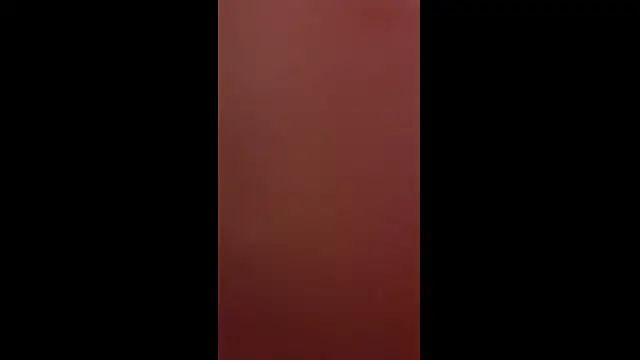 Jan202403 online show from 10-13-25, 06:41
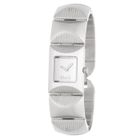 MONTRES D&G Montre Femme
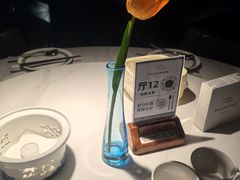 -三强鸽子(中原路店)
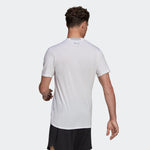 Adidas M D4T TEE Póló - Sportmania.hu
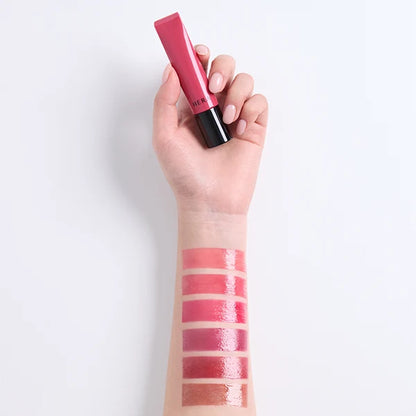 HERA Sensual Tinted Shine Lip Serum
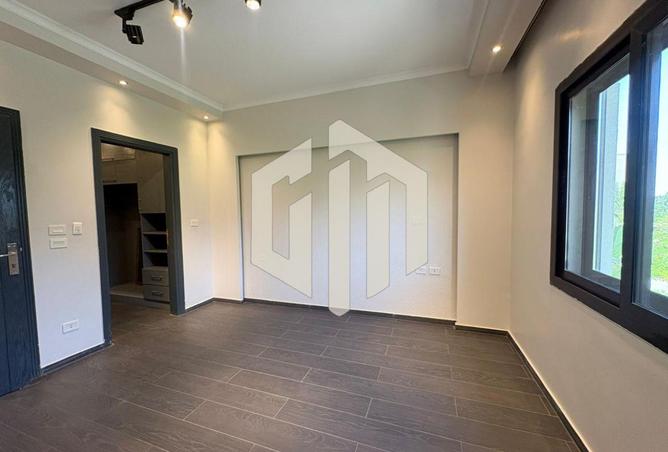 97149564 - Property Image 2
■ ■ ■ ■
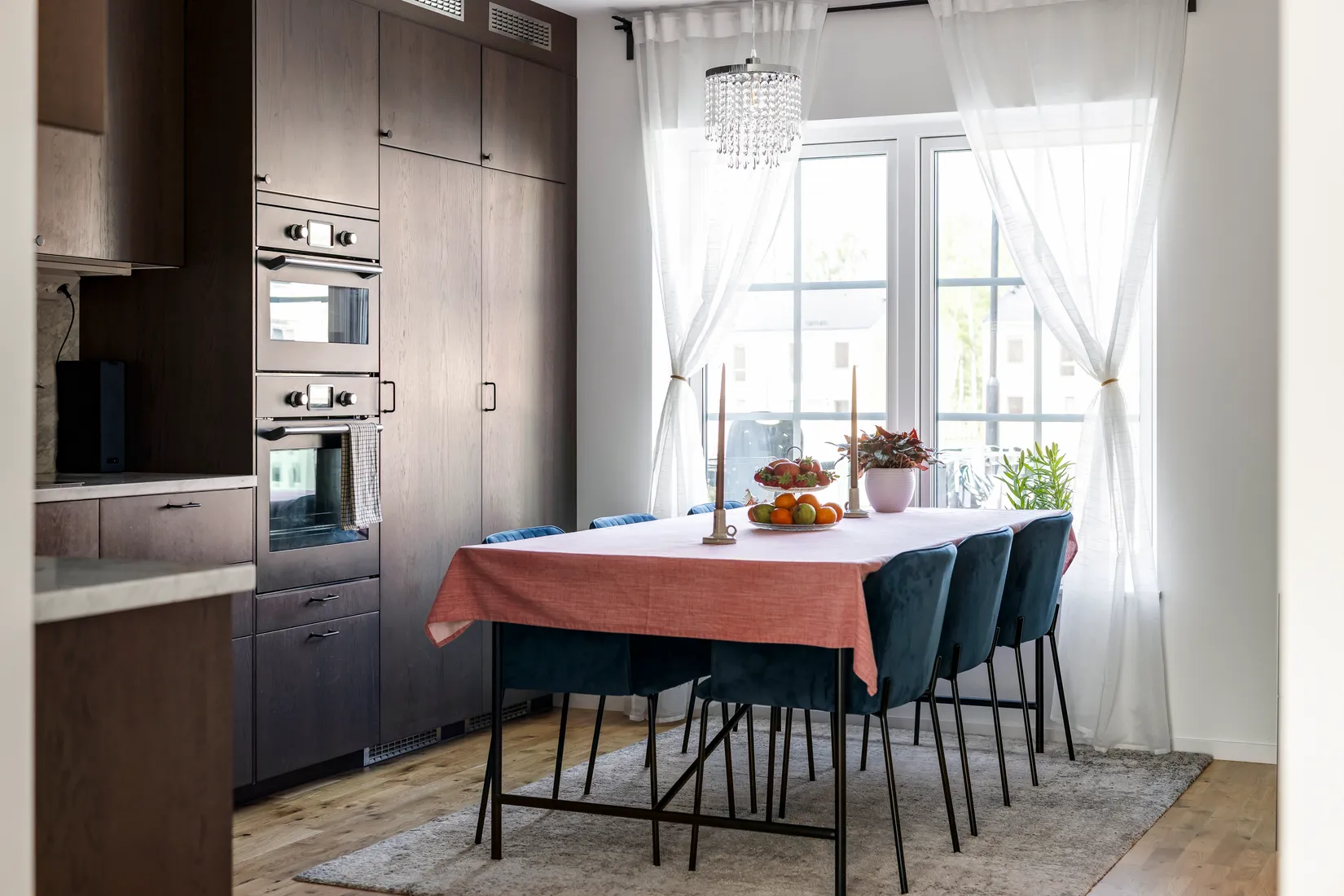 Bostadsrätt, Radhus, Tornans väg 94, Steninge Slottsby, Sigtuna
■ ■ ■ ■
> [TASK STATEMENT] To complete this exercise, transcribe exactly the lines above from the one that holds "MONTRES D&G Montre Femme" through the one that holds "97149564 - Property Image 2". Pictures stay out.

> [SOLUTION TO THE PROBLEM]
 MONTRES D&G Montre Femme
 -三强鸽子(中原路店)
 Adidas M D4T TEE Póló - Sportmania.hu
 HERA Sensual Tinted Shine Lip Serum
 97149564 - Property Image 2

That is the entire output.